Quick Take
- Narration: Eric Jason Martin reads Wiggins and Jones’s scholarly history with an academic steadiness that serves the book’s three-part structure, though some listeners may want more vocal range in the denser historical sections.
- Themes: The long history of data as power, the politics of statistical knowledge, the relationship between data science and social control
- Mood: Scholarly and revelatory, structured like a university course that keeps surprising you
- Verdict: The most historically rigorous audiobook on data’s political dimensions, structured in three clear arcs that reward cover-to-cover listening in a way that few academic-origin books achieve.
I came across How Data Happened because a friend forwarded me a review that described it as the book she wished existed when she was trying to understand where facial recognition technology came from. That’s an accurate description of what the book provides, and also an indication of why it’s harder to summarize than most data science books. Wiggins and Jones aren’t explaining how data works. They’re explaining how data came to have the power it has, and those are very different projects.
Chris Wiggins is the Chief Data Scientist at the New York Times and a faculty member at Columbia, where he and Matthew Jones created the course on which this book is based. That pedagogical origin shapes the book’s structure productively: it moves in three clear arcs, from the birth of statistics as a discipline through the development of machine learning and into the current moment of algorithmic governance. Each section builds on the previous one, and the progression feels earned rather than arbitrary.
The Victorian Origins That Explain the Present
The book’s first section, on the history of statistics, is what surprised reviewer James Muncy most pleasantly. Wiggins and Jones don’t begin with Silicon Valley or even with computers. They begin with the census, with Victorian-era debates about how to measure population, and with the development of eugenics as the first systematic attempt to use statistical data to argue for what was socially true and who deserved social resources. This is not a comfortable history, and the authors don’t make it comfortable. The relationship between statistical methodology and social control is not an accident of bad actors misusing good tools; it is built into the origins of the discipline.
That founding argument gives the book its political seriousness. When Wiggins and Jones get to facial recognition and predictive bail algorithms in the later chapters, you understand those systems not as unexpected intrusions of bias into neutral technology but as the latest iteration of a project that has always been about which truths get counted and who gets to do the counting.
How the Three-Part Structure Works in Audio
Reviewer Jerry, who bought the book twice in different formats to engage with it fully, identifies something real: this is a book where the specific references and academic citations matter enough that print has genuine advantages. Eric Jason Martin’s narration is competent and clear, but passages that involve technical arguments about statistical inference or the genealogy of specific algorithmic approaches benefit from the ability to slow down, reread, and follow citation trails.
That said, Martin’s reading keeps the argumentative thread intact across ten and a half hours.
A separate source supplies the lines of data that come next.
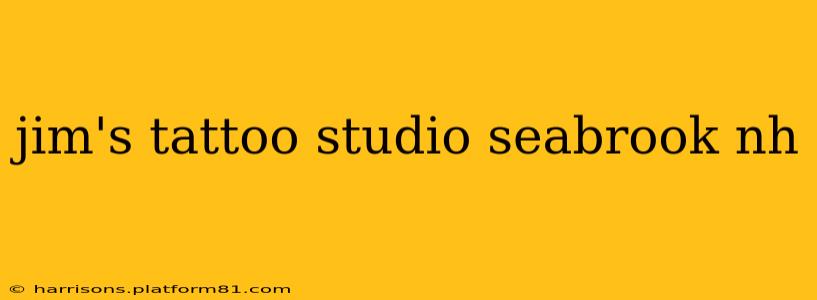 jim's tattoo studio seabrook nh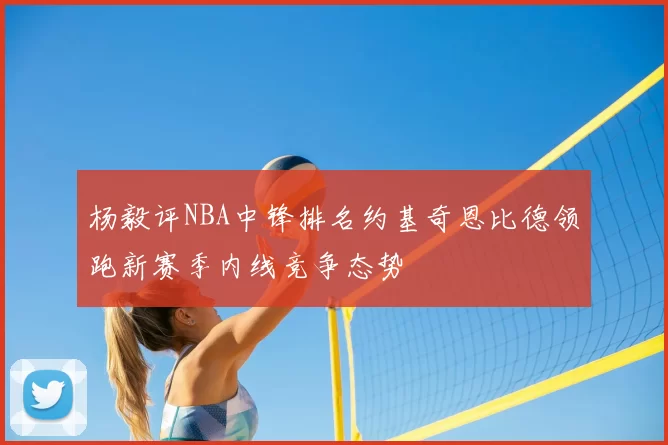 杨毅评NBA中锋排名约基奇恩比德领跑新赛季内线竞争态势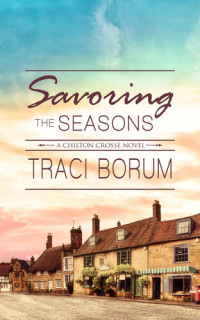 Traci Borum — Savoring the Seasons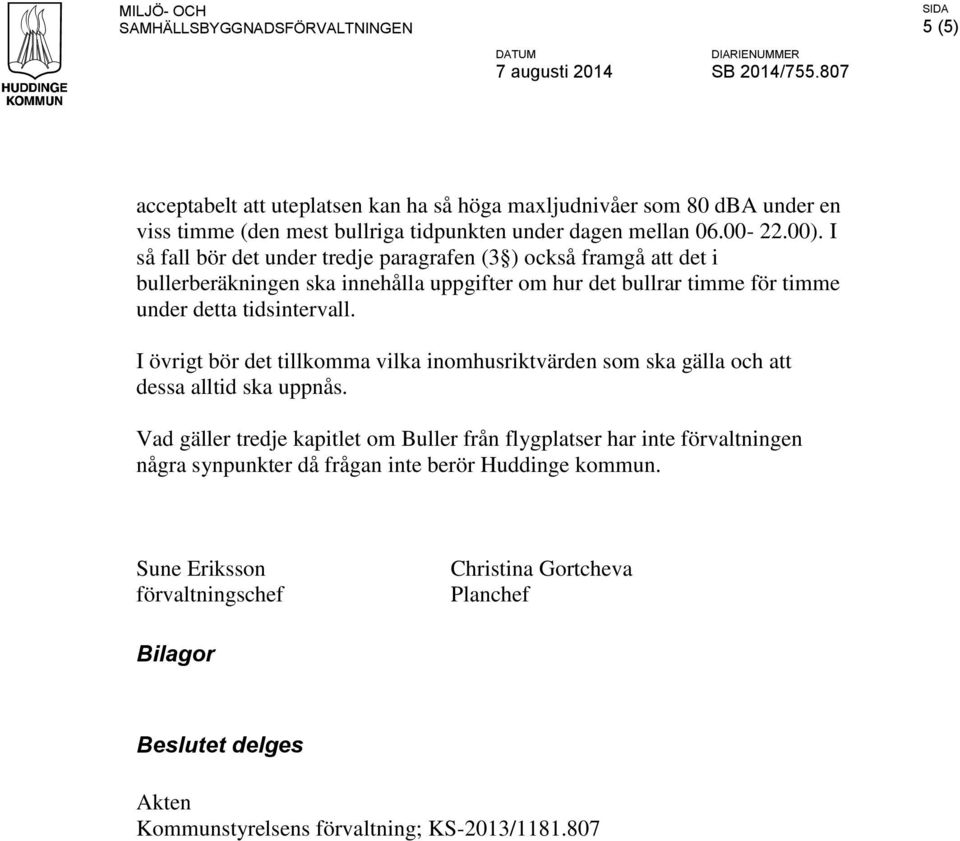 I övrigt bör det tillkomma vilka inomhusriktvärden som ska gälla och att dessa alltid ska uppnås.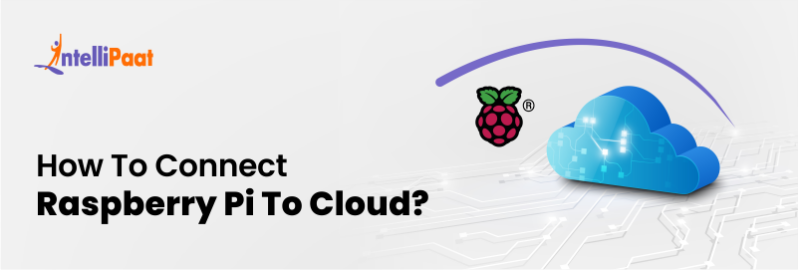 How to Connect Raspberry Pi to Cloud
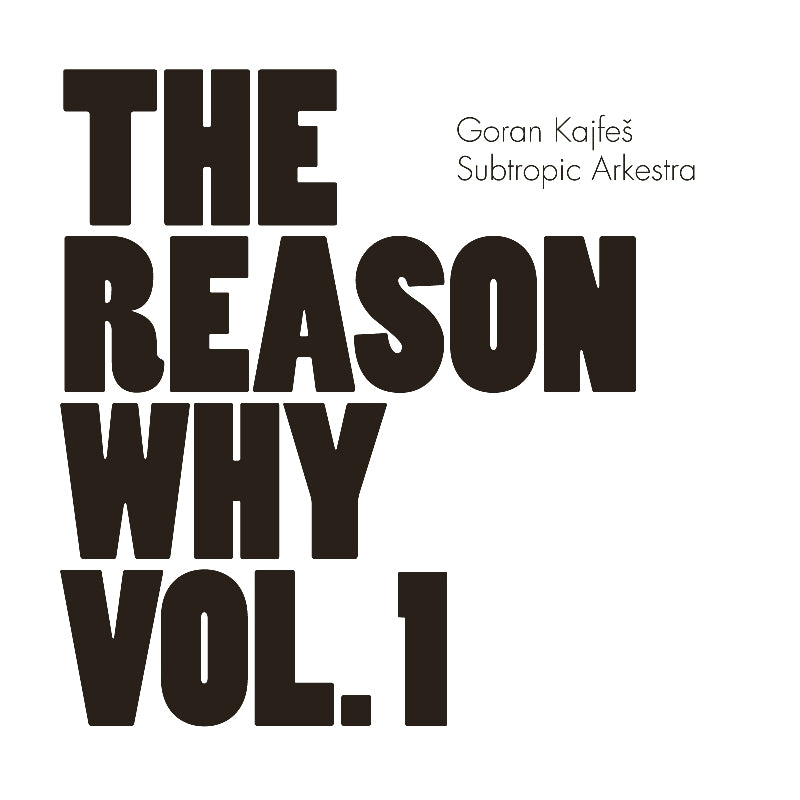Goran Kajfes Subtropic Arkestra: The Reason Why Vol. 1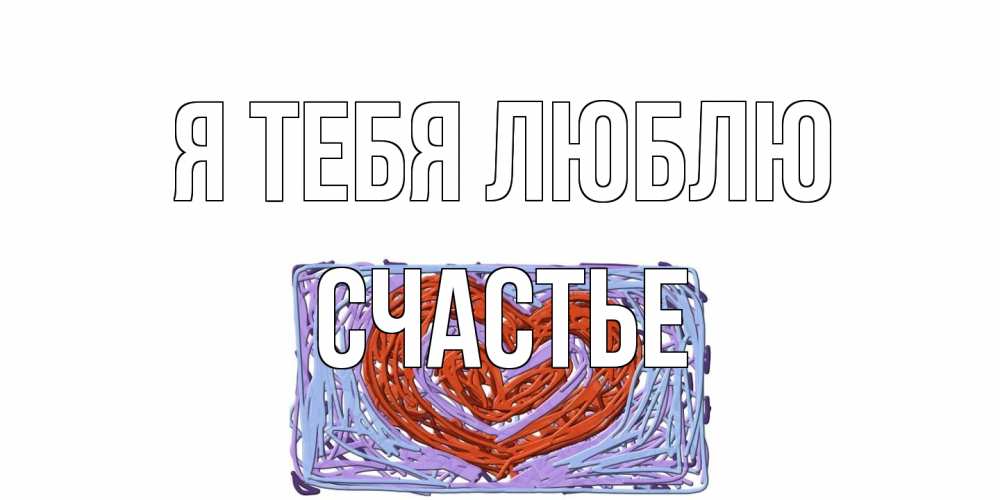 Открытка на каждый день с именем, счастье Я тебя люблю сердце Прикольная открытка с пожеланием онлайн скачать бесплатно 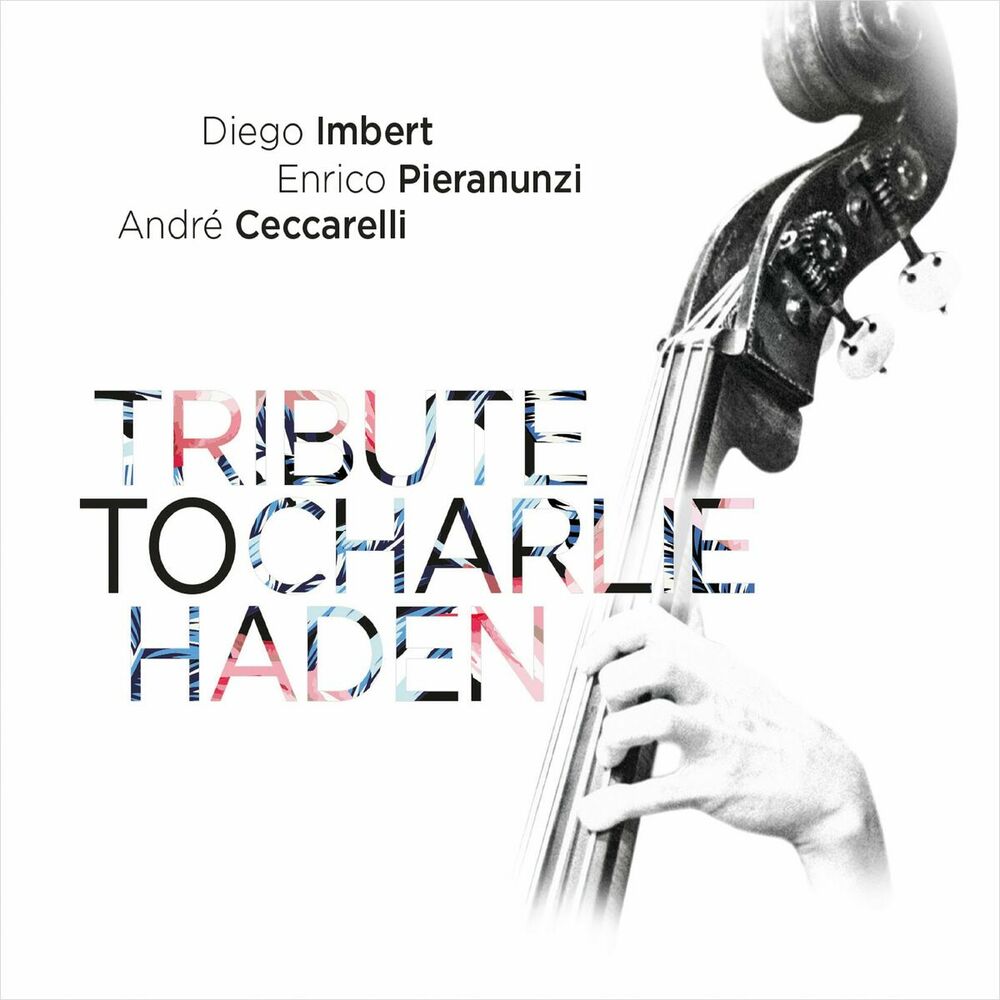 Picture of Tribute to Charlie Haden (Deluxe Edition)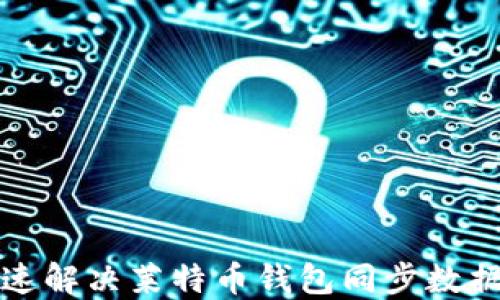 
如何快速解决莱特币钱包同步数据的问题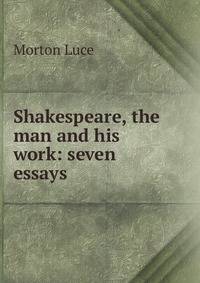 Shakespeare, the man and his work: seven essays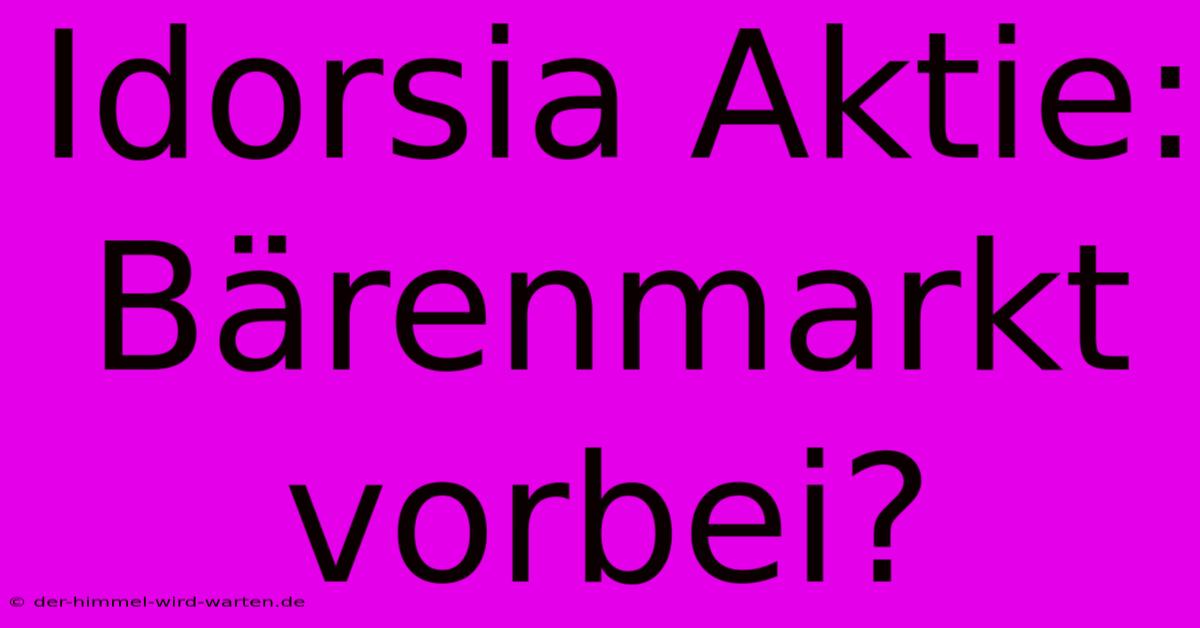 Idorsia Aktie: Bärenmarkt Vorbei?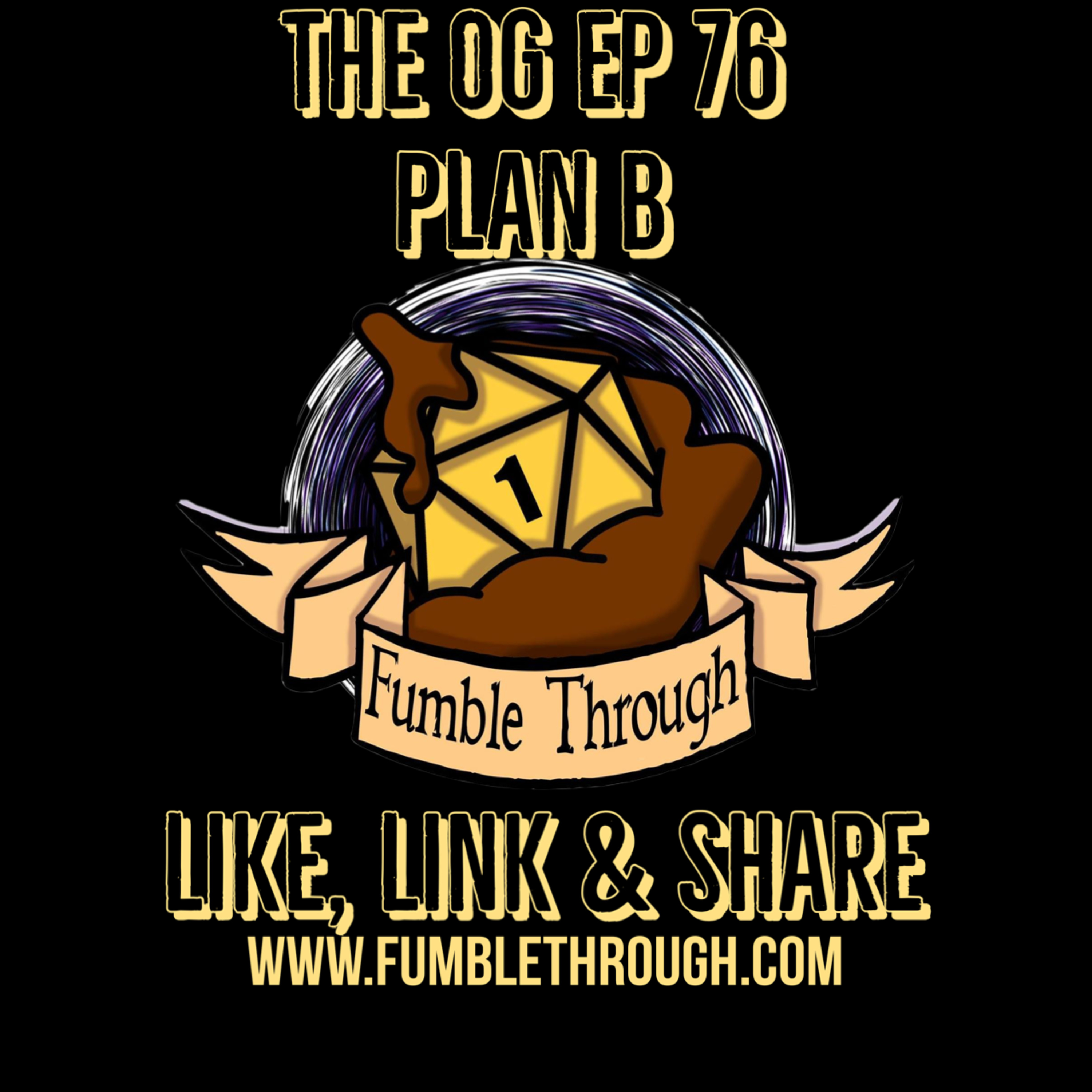 The OG Ep 76 - Plan B episode artwork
The second section, on big data and the rise of machine learning, is where the book is densest and where the narration does the most work. Martin doesn’t dramatize the material, which is right for a book of this register. He keeps the ideas moving, and the book’s own intelligence carries the weight.
Data as Weapon, Not Just Tool
The phrase the authors use, that data has been used as a tool and a weapon in arguing for what is true, is the book’s most important formulation, and it runs beneath every chapter even when it’s not stated explicitly. The census figures used to argue for immigration restrictions in the early twentieth century, the data collected by surveillance capitalism to argue for what consumers want, the risk scores used to argue for who deserves bail: these are not separate phenomena. They are instances of the same underlying dynamic, the use of numerical authority to produce social facts that benefit particular interests.
This is not a paranoid argument. Wiggins and Jones are careful to distinguish between data being used for social control and data as inherently a tool of control. The book’s concluding argument, that understanding this history enables us to bend data toward collectively chosen ends, is genuinely hopeful rather than defeatist. It requires, however, that we stop thinking of data as neutral and start thinking of it as historical.
Who Should Listen, Who Should Skip
Listen if you want the most historically grounded available account of how data came to shape political power and social decision-making. The Columbia course origins give it a clarity of structure that most books in this space lack.
Skip if you want practical guidance on data science methods or current policy proposals for algorithmic regulation. This is intellectual history, and it operates at that register throughout.
Frequently Asked Questions
Is this book accessible to listeners without a data science background?
Yes, with effort in the denser sections. Wiggins and Jones write for intelligent general readers, not specialists, and they explain technical concepts carefully. The historical and political arguments are fully accessible without technical training, though some of the methodology discussions in the second section reward patience.
How does the book handle eugenics and the darker history of statistics?
Directly and without euphemism. The Victorian origins of statistical methodology are traced through their connection to eugenics with scholarly honesty. This is one of the book’s most important contributions, but listeners should know it engages seriously with disturbing material.
Does the book offer any remedies or policy prescriptions?
In general terms. The concluding argument is that historical understanding enables more intentional choices about how data is used collectively, but Wiggins and Jones don’t offer a specific policy agenda. The book frames understanding as a prerequisite for action rather than providing the action plan itself.
Is this better in print or audio format?
Reviewer Jerry’s experience of buying both formats speaks to a real tradeoff. The audio narration serves the book’s argumentative progression well, but the academic apparatus, citations, and specific historical references benefit from the ability to pause and look things up. Serious students of the topic may want both.